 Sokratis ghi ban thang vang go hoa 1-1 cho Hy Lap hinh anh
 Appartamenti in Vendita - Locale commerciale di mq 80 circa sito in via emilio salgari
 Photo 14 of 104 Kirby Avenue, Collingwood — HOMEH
▬▬▬
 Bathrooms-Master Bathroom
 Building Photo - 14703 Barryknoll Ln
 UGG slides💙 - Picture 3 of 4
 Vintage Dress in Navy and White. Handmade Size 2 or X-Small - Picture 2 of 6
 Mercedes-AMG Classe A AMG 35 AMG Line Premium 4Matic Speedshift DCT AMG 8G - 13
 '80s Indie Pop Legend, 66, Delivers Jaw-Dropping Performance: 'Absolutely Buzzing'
▬▬▬
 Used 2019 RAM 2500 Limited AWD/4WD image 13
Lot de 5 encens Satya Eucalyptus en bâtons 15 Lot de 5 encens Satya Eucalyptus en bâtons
▬▬▬
Search the listing above for the string "Photo" and return each line it appears on.

▶ _SOLUTION TO THIS PROBLEM_
 Photo 14 of 104 Kirby Avenue, Collingwood — HOMEH
 Building Photo - 14703 Barryknoll Ln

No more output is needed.